Fishermen charged for illegal trawling

THE owners of three industrial shrimp trawlers are due to appear before a City Magistrate for trawling illegally in the protected zone of the North Coast of Trinidad, east of Saut D’Eau Island and inside two miles, point to point, according to Fishermen and Friends of the Sea (FFOS).

The protected zone is reserved for artisanal fishing.

According to reports from Fishermen and Friends of the Sea, the occupants of the three vessels were detained yesterday morning by officers of the Coast Guard who were accompanied by fisheries officers.

Asked about the impounding of the trawling vessels yesterday, Minister of Lands and Marine Resources Jairam Seemungal told Newsday he was awaiting a report from the Director of Fisheries.

When he spoke with Newsday, Seemungal could not say whether the men were charged or how they would be dealt with. The current fisheries’ laws, he said, are over 100 years and were not punitive in the current circumstances. The current draft fisheries regulations, he said, was with the Legislative Review Committee and are far advanced.

On the other hand, FFOS Secretary Gary Aboud told Newsday yesterday there were regulations which had been agreed on and could be instituted. If the owners are convicted, Aboud said, Government must honour the Shrimp Trawl Agreement with its ‘one strike out’ provision.

The one strike-out provision contained in the Shrimp Trawlers Regulations, Aboud explained, was agreed to in 1997 with primary stakeholders, Shrimp Trawlers’ Association and 14 government agencies including the Director of Fisheries.

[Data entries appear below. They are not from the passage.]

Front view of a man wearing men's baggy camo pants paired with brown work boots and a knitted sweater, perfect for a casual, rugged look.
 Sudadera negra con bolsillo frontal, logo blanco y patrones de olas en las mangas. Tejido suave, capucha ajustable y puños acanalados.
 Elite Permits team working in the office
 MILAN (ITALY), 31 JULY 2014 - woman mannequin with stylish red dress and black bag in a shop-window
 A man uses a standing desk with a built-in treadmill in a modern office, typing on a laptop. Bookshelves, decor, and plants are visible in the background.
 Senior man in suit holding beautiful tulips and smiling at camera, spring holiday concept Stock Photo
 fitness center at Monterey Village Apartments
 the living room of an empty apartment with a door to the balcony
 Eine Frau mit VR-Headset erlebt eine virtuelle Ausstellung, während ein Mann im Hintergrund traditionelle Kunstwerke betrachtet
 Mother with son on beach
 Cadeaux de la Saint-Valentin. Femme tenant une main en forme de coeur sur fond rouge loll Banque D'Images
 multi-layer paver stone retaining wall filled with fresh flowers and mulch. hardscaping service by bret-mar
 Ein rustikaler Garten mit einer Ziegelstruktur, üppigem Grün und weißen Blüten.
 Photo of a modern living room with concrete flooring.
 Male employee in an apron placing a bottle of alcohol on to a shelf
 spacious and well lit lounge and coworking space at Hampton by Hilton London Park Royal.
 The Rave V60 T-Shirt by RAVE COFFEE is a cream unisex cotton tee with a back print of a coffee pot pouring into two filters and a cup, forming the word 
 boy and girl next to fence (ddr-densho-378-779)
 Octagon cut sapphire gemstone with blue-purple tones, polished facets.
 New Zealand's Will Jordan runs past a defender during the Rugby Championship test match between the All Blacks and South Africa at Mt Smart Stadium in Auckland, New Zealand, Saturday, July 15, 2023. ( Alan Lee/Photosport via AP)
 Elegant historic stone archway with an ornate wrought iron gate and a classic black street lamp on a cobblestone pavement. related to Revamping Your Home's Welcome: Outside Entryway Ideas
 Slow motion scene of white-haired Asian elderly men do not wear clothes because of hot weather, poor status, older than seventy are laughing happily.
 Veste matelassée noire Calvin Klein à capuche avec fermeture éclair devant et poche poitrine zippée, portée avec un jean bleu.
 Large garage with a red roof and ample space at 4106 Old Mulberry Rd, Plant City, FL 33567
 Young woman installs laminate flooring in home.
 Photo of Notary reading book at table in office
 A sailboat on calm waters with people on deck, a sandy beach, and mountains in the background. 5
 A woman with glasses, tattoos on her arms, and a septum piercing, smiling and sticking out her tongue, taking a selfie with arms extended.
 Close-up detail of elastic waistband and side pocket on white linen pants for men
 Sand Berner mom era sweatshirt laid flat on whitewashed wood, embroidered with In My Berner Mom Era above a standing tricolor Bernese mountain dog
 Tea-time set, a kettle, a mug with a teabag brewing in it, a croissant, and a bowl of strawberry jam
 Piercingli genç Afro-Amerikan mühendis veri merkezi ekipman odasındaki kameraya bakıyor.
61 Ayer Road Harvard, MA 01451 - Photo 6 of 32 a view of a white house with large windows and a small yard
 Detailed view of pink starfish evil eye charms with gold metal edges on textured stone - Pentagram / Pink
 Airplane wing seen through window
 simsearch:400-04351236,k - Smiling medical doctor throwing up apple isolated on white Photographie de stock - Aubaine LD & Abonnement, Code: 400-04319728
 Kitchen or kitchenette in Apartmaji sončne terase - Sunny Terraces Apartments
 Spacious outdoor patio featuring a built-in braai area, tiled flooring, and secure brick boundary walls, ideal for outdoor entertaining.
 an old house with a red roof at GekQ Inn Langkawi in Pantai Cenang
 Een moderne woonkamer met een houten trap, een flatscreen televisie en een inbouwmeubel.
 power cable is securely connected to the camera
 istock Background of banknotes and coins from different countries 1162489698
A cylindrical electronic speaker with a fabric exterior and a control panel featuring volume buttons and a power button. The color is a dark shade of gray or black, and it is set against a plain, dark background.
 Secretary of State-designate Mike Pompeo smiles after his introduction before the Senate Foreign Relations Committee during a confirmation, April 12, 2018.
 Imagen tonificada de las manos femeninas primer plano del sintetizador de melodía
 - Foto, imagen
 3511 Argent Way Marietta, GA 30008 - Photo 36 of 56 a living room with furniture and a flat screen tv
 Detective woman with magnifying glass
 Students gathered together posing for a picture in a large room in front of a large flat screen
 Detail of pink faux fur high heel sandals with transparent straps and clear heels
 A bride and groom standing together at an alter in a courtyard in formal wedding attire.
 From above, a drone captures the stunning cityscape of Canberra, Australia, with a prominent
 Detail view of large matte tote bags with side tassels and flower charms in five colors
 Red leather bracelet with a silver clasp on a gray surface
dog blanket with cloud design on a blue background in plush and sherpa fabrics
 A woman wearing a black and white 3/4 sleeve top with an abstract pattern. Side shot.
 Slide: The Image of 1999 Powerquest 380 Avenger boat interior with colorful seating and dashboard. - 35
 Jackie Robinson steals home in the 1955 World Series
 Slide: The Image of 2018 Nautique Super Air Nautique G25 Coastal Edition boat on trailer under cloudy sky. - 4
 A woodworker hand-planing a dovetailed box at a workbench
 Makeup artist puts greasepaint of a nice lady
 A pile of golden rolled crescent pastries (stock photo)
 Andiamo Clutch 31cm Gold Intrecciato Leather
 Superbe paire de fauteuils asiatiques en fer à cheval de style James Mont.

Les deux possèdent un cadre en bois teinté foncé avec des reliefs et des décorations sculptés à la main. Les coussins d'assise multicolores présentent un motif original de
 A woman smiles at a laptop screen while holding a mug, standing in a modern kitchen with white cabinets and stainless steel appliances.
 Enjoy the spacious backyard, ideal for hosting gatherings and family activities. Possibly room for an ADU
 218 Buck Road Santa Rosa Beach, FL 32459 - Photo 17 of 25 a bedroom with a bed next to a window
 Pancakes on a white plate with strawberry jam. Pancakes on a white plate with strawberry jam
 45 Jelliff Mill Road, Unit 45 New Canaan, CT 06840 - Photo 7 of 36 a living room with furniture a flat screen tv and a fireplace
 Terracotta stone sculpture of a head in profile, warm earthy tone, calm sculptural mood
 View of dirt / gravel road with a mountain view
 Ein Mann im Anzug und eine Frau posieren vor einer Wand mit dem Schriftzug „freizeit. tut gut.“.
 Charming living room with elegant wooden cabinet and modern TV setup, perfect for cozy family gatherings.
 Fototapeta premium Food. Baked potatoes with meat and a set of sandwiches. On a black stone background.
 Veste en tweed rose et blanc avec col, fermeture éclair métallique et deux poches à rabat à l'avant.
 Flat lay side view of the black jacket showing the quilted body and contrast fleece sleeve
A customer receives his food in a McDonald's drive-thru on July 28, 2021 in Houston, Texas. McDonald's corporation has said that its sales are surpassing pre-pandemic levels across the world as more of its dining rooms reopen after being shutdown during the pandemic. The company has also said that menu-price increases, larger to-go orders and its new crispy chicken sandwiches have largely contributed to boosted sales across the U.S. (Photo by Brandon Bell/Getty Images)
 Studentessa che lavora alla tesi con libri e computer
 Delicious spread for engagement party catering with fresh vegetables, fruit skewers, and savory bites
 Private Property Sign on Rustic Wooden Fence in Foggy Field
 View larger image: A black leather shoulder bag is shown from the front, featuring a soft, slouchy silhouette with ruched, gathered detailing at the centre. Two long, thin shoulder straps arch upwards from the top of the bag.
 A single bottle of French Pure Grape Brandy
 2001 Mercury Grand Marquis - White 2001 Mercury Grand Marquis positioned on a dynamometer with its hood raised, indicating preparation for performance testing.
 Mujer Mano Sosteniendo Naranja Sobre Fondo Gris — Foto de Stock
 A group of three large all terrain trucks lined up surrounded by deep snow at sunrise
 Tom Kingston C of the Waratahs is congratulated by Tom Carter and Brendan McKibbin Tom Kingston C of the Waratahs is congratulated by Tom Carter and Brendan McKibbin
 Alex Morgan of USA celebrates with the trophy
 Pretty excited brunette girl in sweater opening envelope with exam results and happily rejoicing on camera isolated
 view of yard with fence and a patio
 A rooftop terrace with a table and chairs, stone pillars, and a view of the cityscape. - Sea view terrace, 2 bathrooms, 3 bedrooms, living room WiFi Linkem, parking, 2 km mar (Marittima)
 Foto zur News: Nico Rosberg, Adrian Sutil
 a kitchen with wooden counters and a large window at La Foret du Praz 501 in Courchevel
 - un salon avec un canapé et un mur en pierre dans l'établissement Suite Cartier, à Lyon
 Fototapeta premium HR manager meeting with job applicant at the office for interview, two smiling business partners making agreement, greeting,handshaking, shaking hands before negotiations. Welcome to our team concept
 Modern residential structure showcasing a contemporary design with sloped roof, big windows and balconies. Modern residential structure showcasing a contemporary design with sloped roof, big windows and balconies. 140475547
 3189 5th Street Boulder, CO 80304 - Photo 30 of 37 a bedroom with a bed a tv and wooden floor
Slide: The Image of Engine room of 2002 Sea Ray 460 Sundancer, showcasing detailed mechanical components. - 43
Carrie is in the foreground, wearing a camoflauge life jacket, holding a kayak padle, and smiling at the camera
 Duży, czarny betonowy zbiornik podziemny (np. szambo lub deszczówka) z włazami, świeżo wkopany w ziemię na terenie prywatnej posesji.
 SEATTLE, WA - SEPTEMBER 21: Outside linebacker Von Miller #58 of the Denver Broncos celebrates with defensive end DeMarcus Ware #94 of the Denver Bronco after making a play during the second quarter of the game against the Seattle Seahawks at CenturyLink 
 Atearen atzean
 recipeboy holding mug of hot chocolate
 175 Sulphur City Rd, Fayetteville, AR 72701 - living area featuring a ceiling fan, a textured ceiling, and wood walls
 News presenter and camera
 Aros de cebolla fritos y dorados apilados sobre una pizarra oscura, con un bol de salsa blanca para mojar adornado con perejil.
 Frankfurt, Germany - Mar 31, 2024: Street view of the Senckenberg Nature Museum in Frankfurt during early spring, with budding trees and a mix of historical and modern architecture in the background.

The “one strike out” provision, Aboud said, means that if a single trawler contravenes the regulation then all trawling will be banned indefinitely.

This year, he said that trawling had been going on non-stop even though the legal trawling season opens yearly on November 15 and ends on January 15. The FFOS, he said, made a report since October 15 about the illegal trawling of some 14 to 16 industrial trawling vessels, but nothing was done.

“These industrial fleets have been turning the ocean beds into a wasteland. For years, trawlers have been playing cat and mouse with the coast guard and the fisher communities,” Aboud said.

To date, Aboud added, there have been several successful judicial prosecutions yet Government has not yet enforced the “one strike out” provision.